Combining these possibilities, we envisage that cycle delays might be halved and perhaps more. This suggests that a 2 GHz 4-wide issue stack is conceivable with 90 nm CMOS with careful optimization and more innovative design, implying operand issue bandwidth somewhere in the region of 8 to 12 Gigawords per second at 90 nm. Naturally, more advanced processes will offer further performance gains.

One of the most interesting aspects of the superscalar stack is its ability to deliver issue slot operands at different times within the cycle time window, a unique behavior which we believe will allow more freedom in layout floor planning at a higher level of abstraction. This is particularly interesting if wire pipelining is introduced [41]. We also expect to observe (and perhaps to enhance further) a power-spreading effect that reduces peak power over machine cycle time scales due to the ripple-through effects of logic in our structures. This has some potential to reduce power density hot spots in the operand store as well as reducing peak power spikes. When combined with the knowledge that "useful" register lifespans

are often a small fraction of the power-hungry register file [39, 40, 42], SSIA starts to look more interesting as a possible candidate upon which to base superscalar systems. Work on more advanced multiplexer design continues to be a current topic [43], and there is substantial scope to learn from this and improve upon the implementations reported here.

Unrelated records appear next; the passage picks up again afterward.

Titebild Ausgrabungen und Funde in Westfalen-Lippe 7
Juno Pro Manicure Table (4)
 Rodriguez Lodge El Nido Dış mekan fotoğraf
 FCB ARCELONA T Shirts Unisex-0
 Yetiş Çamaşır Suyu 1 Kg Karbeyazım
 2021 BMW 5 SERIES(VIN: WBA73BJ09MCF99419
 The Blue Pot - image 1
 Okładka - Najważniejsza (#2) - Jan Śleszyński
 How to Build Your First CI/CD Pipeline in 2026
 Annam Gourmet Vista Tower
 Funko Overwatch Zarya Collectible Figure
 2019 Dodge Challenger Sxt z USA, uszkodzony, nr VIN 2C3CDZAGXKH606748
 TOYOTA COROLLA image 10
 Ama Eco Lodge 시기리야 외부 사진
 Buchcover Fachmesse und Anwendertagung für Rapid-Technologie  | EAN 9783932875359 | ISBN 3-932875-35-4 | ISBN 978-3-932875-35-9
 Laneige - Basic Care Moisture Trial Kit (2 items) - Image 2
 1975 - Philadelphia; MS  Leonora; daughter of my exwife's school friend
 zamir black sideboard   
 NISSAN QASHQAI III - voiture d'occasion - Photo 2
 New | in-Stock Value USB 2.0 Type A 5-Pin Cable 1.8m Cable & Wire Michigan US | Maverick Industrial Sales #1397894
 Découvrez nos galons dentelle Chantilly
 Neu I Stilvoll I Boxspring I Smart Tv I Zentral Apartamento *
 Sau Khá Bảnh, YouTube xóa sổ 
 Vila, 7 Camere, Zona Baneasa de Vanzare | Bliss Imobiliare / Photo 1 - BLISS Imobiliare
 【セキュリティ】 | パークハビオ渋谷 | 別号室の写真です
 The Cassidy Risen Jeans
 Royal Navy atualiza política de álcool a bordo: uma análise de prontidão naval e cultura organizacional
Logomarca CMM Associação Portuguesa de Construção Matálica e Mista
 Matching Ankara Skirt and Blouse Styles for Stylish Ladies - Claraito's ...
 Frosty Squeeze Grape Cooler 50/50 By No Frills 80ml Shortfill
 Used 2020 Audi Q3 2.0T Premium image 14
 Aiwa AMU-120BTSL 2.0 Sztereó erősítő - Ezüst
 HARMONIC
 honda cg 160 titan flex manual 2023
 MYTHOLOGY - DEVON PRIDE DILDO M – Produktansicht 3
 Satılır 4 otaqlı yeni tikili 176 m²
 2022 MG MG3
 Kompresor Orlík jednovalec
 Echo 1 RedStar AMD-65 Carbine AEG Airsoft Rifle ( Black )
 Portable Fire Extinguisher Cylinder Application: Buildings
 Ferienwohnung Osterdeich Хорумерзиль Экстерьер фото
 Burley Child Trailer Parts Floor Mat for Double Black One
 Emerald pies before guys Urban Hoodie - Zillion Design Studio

In the wider context, it has been fashionable to consider the stack machine as outdated. However, the potential for such architectures to deliver complex operand and instruction issue models highlights fresh opportunities and offers a new twist in the development of stack machines and related queue machines. Combining this with significantly better stack code optimization frameworks and models highlighted earlier [8-10, 14, 15] suggests that stack machines might be overdue a fresh examination in view of the trend for many simpler cores per chip rather than fewer but more complex ones. We believe that new avenues have been opened up by our initial study, in answering one question we have uncovered many others. A more comprehensive VLSI oriented study is a highly desirable next step in this work. Collectively these objectives will allow a complete design characterization for a prototype superscalar stack processor to be achieved. We therefore expect to continue to evaluate these new and novel SSIA architectures in the future and hope to report further findings in due course.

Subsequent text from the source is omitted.